How it works: You provide git bisect run with a command (or path to a script) that can determine whether the current commit is good or bad. Git will then sequentially checkout each candidate commit and execute your test command. Based on the exit code of that command, Git will mark the commit as good or bad and continue the bisect automatically.

The conventions for the test command’s exit code are:

  • Exit code 0: indicates the commit is good (no bug).
  • Exit code between 1 and 127 (inclusive) except 125: indicates the commit is bad (bug detected).
  • Exit code 125: a special code meaning “skip this commit.” Git will exclude that commit and continue bisecting.
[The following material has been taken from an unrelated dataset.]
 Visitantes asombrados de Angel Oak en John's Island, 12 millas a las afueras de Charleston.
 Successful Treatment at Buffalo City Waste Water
This is useful if the commit can’t be tested (for example, it doesn’t compile or the test itself fails to run for reasons unrelated to the bug).
  • Any other exit code (outside 0-127) will abort the bisect process entirely.

Writing a test script: Your script can be as simple or complex as needed to detect the bug. It should perform an operation that behaves differently in good vs. bad commits. In our CLI example, we might write a script that runs myapp generate-report and checks if it succeeds. For instance, create a file test_report.sh like:

Terminal
#!/bin/bash
# Test if 'myapp generate-report' runs without error
if myapp generate-report > /dev/null 2>&1; then
# Command succeeded, assume bug is NOT present
exit 0 # good commit
else
# Command failed (non-zero exit), bug is present
exit 1 # bad commit
fi

This script runs the command and redirects output to avoid clutter. If the command exits successfully, we exit 0 (marking the commit as good). If it errors out, we exit with 1 (marking it bad). Make sure to give your script execute permissions (chmod +x test_report.sh).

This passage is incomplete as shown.